Unlike specialized math systems, the model demonstrates general reasoning. Researcher Alexander Wei explained, “a general-purpose reasoning LLM that incorporates experimental techniques.” The AI worked without internet access or computational aids, generating full natural language proofs during two 4.5-hour sessions—mirroring human exam conditions.

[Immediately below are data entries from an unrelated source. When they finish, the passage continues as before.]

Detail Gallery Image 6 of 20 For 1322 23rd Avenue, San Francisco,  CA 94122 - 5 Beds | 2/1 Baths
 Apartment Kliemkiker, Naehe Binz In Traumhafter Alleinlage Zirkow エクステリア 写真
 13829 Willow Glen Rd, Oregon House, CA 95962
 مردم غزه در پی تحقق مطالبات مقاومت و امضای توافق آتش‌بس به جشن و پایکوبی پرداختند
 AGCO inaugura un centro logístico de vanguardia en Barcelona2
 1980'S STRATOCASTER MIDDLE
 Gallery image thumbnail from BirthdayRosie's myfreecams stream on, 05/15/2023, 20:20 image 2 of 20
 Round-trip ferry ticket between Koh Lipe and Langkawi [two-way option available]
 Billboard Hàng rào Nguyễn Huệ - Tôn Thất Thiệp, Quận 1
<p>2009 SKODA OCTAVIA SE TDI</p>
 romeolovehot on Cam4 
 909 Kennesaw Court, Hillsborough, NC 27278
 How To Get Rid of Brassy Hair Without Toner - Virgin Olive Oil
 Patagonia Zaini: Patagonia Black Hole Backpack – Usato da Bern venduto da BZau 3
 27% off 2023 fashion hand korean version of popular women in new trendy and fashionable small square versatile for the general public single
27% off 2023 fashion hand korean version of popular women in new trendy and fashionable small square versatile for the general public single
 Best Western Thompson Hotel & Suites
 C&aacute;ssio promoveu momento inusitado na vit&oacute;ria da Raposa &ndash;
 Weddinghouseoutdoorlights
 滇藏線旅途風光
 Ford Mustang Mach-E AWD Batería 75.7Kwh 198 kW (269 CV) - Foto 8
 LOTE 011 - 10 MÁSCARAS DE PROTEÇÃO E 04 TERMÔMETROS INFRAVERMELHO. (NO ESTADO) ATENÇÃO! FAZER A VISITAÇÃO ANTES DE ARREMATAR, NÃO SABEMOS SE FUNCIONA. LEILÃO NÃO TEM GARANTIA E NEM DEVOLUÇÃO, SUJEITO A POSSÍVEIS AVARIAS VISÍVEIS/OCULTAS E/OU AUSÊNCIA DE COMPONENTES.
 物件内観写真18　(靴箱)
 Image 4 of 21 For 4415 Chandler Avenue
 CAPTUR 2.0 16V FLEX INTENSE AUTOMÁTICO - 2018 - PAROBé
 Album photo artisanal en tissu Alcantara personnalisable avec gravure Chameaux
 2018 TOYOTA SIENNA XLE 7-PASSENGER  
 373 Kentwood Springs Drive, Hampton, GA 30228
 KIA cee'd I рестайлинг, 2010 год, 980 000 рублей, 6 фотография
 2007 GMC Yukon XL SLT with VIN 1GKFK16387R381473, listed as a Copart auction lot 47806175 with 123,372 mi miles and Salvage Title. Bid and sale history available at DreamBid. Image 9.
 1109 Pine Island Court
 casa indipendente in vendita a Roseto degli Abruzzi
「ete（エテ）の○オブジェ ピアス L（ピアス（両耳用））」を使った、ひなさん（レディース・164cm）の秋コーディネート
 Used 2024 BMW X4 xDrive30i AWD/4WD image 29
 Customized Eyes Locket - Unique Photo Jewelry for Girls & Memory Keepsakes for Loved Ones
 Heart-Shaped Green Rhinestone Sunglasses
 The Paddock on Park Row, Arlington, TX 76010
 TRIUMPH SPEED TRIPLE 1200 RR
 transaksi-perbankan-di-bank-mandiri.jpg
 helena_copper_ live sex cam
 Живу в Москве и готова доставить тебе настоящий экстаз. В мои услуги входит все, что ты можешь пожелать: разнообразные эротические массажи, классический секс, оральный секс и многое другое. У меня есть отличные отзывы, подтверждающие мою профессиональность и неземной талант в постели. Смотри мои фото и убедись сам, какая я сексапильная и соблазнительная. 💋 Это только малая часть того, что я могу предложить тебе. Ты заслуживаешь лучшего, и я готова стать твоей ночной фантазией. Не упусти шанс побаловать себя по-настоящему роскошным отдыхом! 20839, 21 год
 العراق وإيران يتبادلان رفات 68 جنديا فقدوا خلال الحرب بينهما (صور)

“We achieved this milestone by forging advances in general-purpose reinforcement learning and scaling test-time compute,” Wei noted on social media. Former IMO medalists independently graded the AI’s solutions, reaching full consensus on its medal-worthy score.

OpenAI scientist Noam Brown highlighted the model’s extended reasoning powers: “It thinks for hours, unlike previous AIs operating on seconds or minutes. Slightly surpassing top human performance represents a huge leap.”

General Reasoning in Research Model Only

Despite this demonstration of general reasoning, OpenAI clarified that the model is strictly experimental and not available to the public. Wei stated, “We don’t plan to release anything with this level of math capability for several months.” The update follows confirmation of the imminent, but separate, release of GPT-5—developed by a different team.

The announcement’s timing is notable: recent benchmarks reveal even state-of-the-art AI models providing solutions “filled with logical errors, incomplete arguments, and even made-up theorems,” as reported by The Decoder.